Work to complete -> Exactly as written, set down each line of the data below except its pictures.

Collected data ->
=== Section Start ===

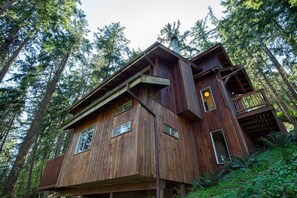 Exterior - Tranquil Forested Cabin with Sauna, Home Gym, & AC (Eugene)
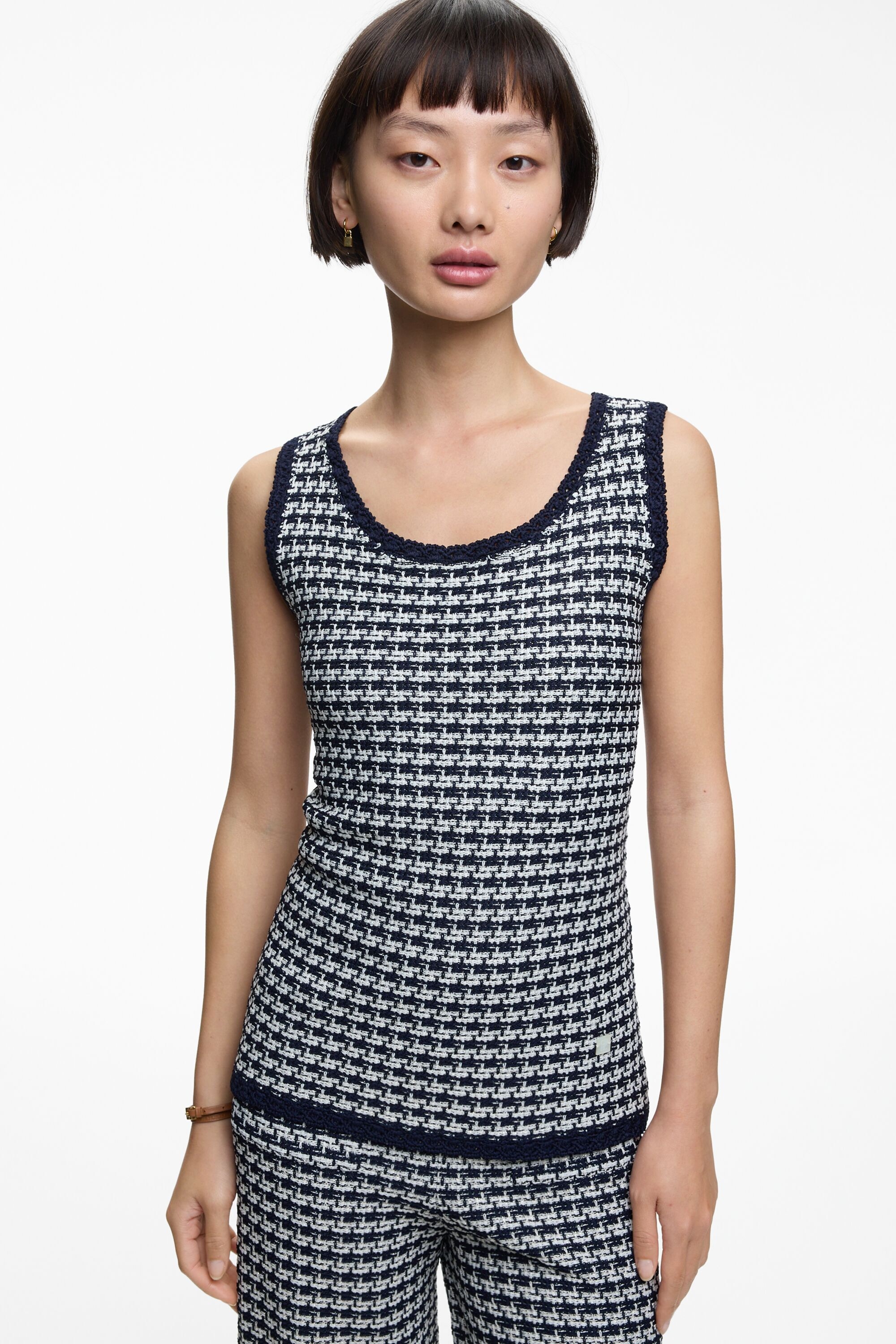 Geometric Jacquard Sleeveless Fitted Top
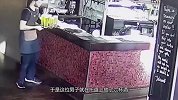 要不是监控拍下，都不知男子的当时有多郁闷！太尴尬了！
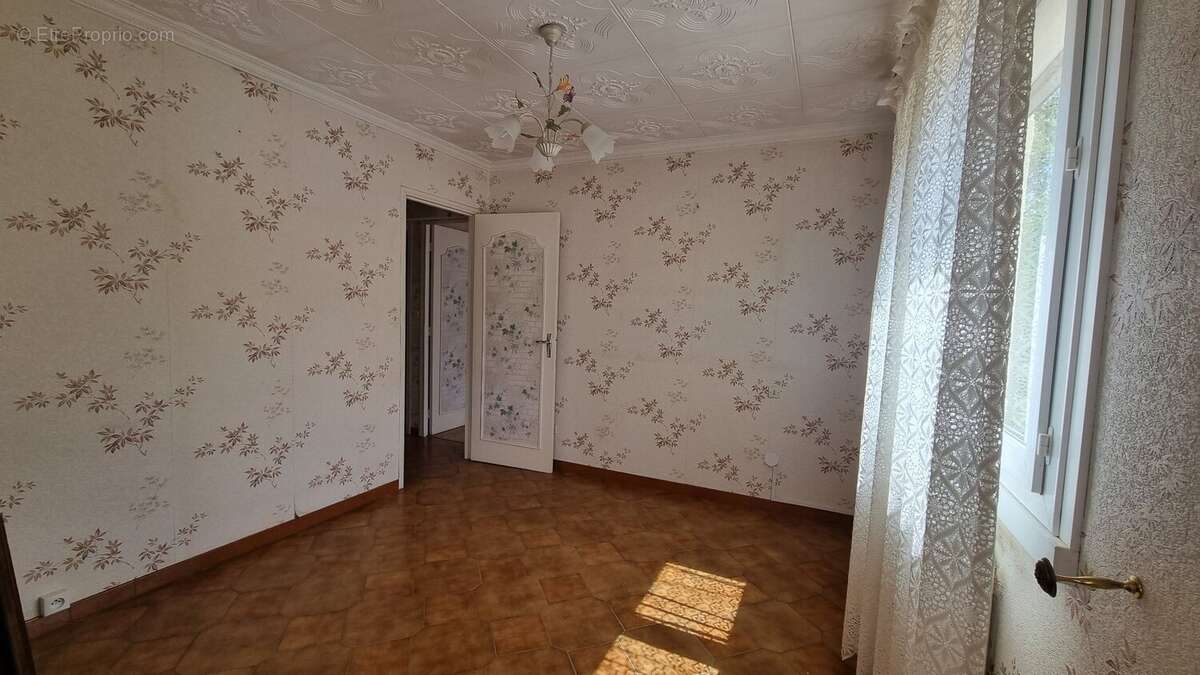 Maison à VILLENEUVE-LES-BEZIERS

=== Section End ===

Response box ->
 Exterior - Tranquil Forested Cabin with Sauna, Home Gym, & AC (Eugene)
 Geometric Jacquard Sleeveless Fitted Top
 要不是监控拍下，都不知男子的当时有多郁闷！太尴尬了！
 Maison à VILLENEUVE-LES-BEZIERS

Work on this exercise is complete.